Randomness as a device

The Linux kernel provides a couple of device drivers producing pure unadultered random data based on environmental entropy.

$ ls -l /dev/*random
crw-rw-rw- 1 root root 1, 8 Feb 27 12:22 /dev/random
crw-rw-rw- 1 root root 1, 9 Feb 27 12:22 /dev/urandom

That is, if you read from those devices you get an arbitrarily long stream of random bytes, one at a time (they are character devices). A firehose of bits that came to be thanks to all the goings on with the network, keyboard, mouse, and the universe. I will use /dev/urandom because it is a pseudorandom number generator seeded with entropy gathered from the environment. This means there will always be data there and reads will never block.

So, we start by

open(my $r,"<:raw","/dev/urandom");
while (read($r,$b,1)) {

to open the random generator in «raw» mode: give me all the bytes, don’t do any Perl-magic interpretation. That stream of bytes will be read one at a time using read(FILEHANDLE,BUFFER,LENGTH) so that $b will hold the next byte read. I’m not going for efficiency, but practicality.

This is a raw byte that I can interpret any way I want. I choose to interpret it as a signed character so it will range from -128 to 127 – check your CI3641 notes. Perl is extremely powerful in terms of translating from or to raw data, and for this particular problem

    my $h = unpack('C*',$b);

is the incantation for $h to become a signed charater. That’s all the operating systems, programming languages, and machine organization knowledge will need.

The vibe and the Fourier

Sounds are vibrations that propagate as acoustic waves. We want to create a sound wave out of this random numbers, and then use the sound card to… make noise. Sound waves can be thought as increasing (positive) and decreasing (negative) pressure values, which hopefully clarifies why I chose the numbers to be signed.

A combination of musical tones can be built out of this random stream as long as we select the particular frequencies western ears are used to. That is we need to «tune» (as in tuning a musical instrument) these numbers so they match the traditional music notes (or pitches). Since I am making singular notes without a particular timbre or modulation, the math is straightforward.

If you’ve ever enjoyed a live orchestra concert, you’ve certainly noticed that after every musician has sat down and settled, a violin player ceremoniously comes out. They then play a single particular note, and the rest of the orchestra fine tunes their instruments to that tone. They become in tune to the A440 («concert A» or «La de concierto») and they are ready to go. This is a very intense moment, specially if you know the violin player and can’t help but shed a tear, even after fifteen years of listening to him do his thing…

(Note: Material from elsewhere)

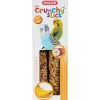 Zolux Alimentation | - Friandise Crunchy Stick noix de coco banane pour perruches x2 - 85 g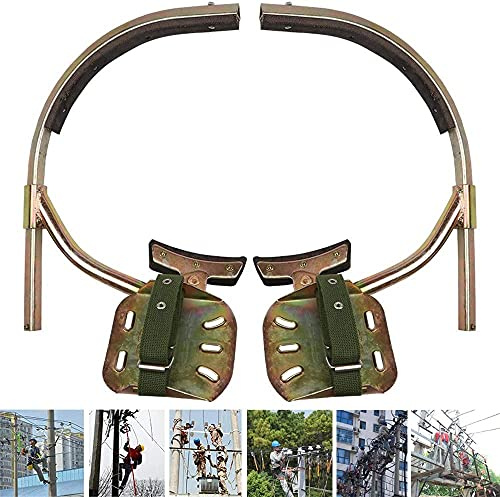 Picos de escalada de árboles con cinturón, equipo de acero inoxidable inoxidable para aventuras al aire libre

This A440 has (spoiler alert!) 440Hz frequency. A vibration having double that frequency (880Hz), would have the same tone but with a higher pitch – a full octave. The western world has agreed to subdivide a full octave in twelve steps according to the equal temperament tuning system, using a logarithmic scale based on the twelfth root of 2. Therefore, the frequency for the n-th semitone of an interval starting at A440 can be computed by

440 × 2(n/12)

counting from n = 0, because that’s how civilized people count.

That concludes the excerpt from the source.